Beim Brian Jonestown Massacre ist der Wahnsinn schon im Namen angelegt: Dass der tragische und exzentrische Rolling-Stones-Begründer Brian Jones hier kurzerhand mit dem in Massenselbstmord in Jonestown gipfelnden Sektenwahn um den von Jim Jones geführten People’s Temple verschmolzen wird, ist keine große Zufallskoalition, sondern filtert schlicht die Essenz dieser Band als Ansammlung wirrer Menschen, die selbst wirkt wie ein bar jeder Kontrolle, kreuz und quer durch die Gegend schießendes Absprengsel eines eh schon fehlgeleiteten Kults (aber überzeugen Sie sich bitte selbst). Die strukturelle Dysfunktionalität dieser Gruppe konzentriert und potenziert sich mikrokosmisch noch einmal im Kopf von Mastermind und Hauptfigur Anton Newcombe, der genau da irgendwo zwischen Charlie Manson und einem verschollenen, aus der Zeit gefallenen fünften Beatle pendelt, meistens aber beides gleichzeitig ist, seine Songideen als Zeugnisse göttlicher Empfängnis empfindet und damit wahrscheinlich recht hat.

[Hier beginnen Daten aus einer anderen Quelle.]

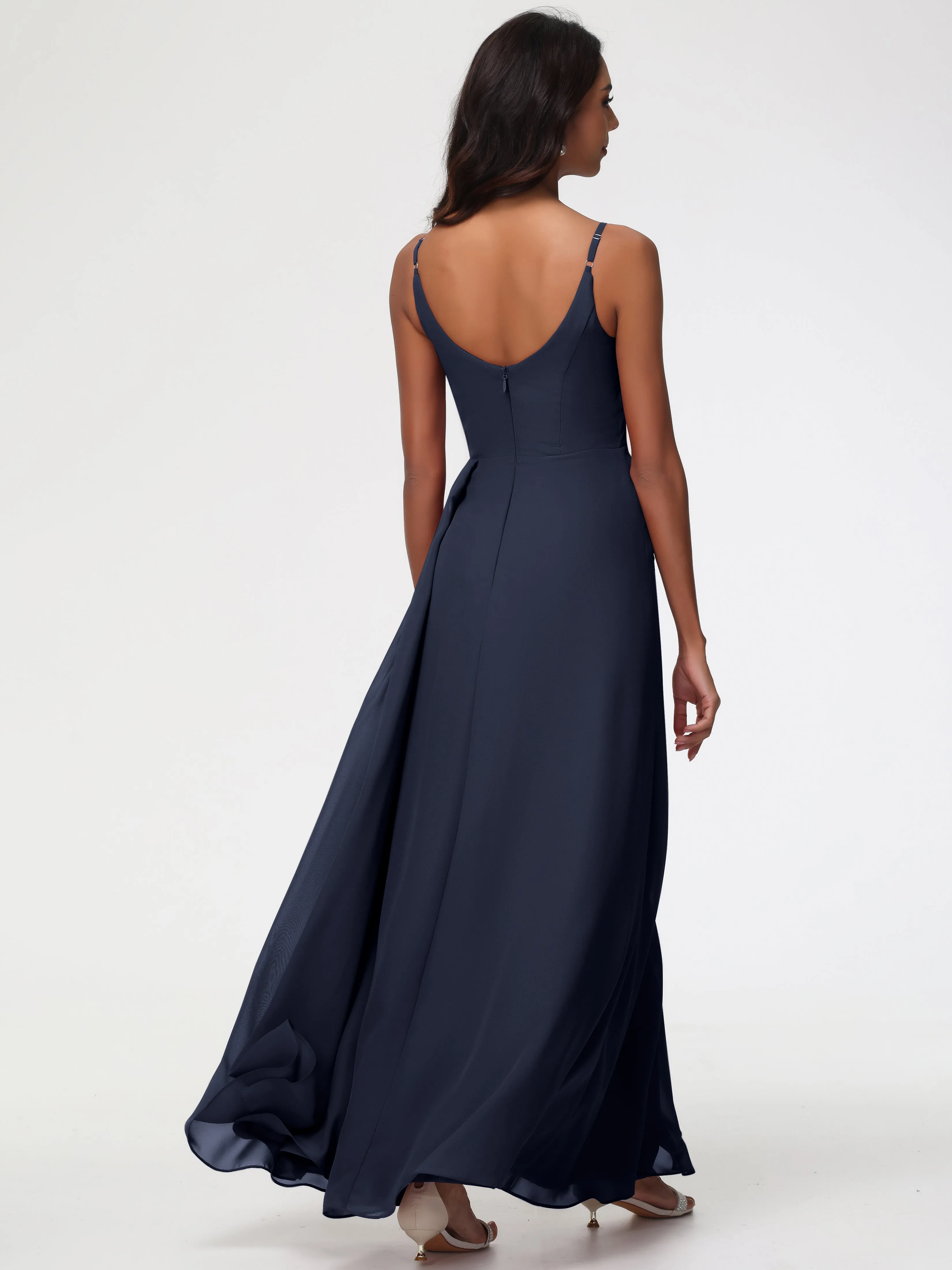 Dark Navy Bridesmaid Dress A-Line V-Neck Spaghetti Straps Ruched Chiffon Bridesmaid Dresses With Slit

Die Geschichte des BJM zieht sich als Geschichte von Realitätsverlust, Gewaltexzessen, leicht übermotiviertem Substanzkonsum, Illusion, Desillusion und schierer Brillianz über 18 Alben bei exakt 2436847⁵⁶ wechselnden Mitgliedern in fast 30 Jahren und hat ihr Ende noch nicht gefunden: Im Juni erschien mit Something Else der neuste, fabelhafte und sicher nicht letzte Streich der unverwüstlichen Bandsekte. Diese Liste beschränkt sich dennoch auf die kreative Hochphase zwischen 1995 und 2003, in welcher die Band ihre ersten acht Alben herausbrachte und trotz dieser Ausstoßrate praktisch nicht einen schlechten Song veröffentlichte. Wo “Evergreen” von Erstling Methodrone (1995) noch leicht shoegazy daherkommt, gönnt sich “Vacuum Boots” (Take it From the Man!, 1996) einen Rückgriff ins klassische Sixties-Rock-Fach und betont “Malela” (Give it back!, 1997) die psychedelische Seite der Band. “Lantern” (Strung out in Heaven, 1998) beschwört dann die Byrds, bevor mit “Telegram” und “Nevertheless” vom unglaublichen Bravery, Repetition and Noise (2001) zwei kristallklare Popnummern daherschillern. Den Abschluss bildet “When Jokers Attack” (… And This Is Our Music, 2003) und steht seinen 6 Vorgängern in Catchyness in Nichts nach.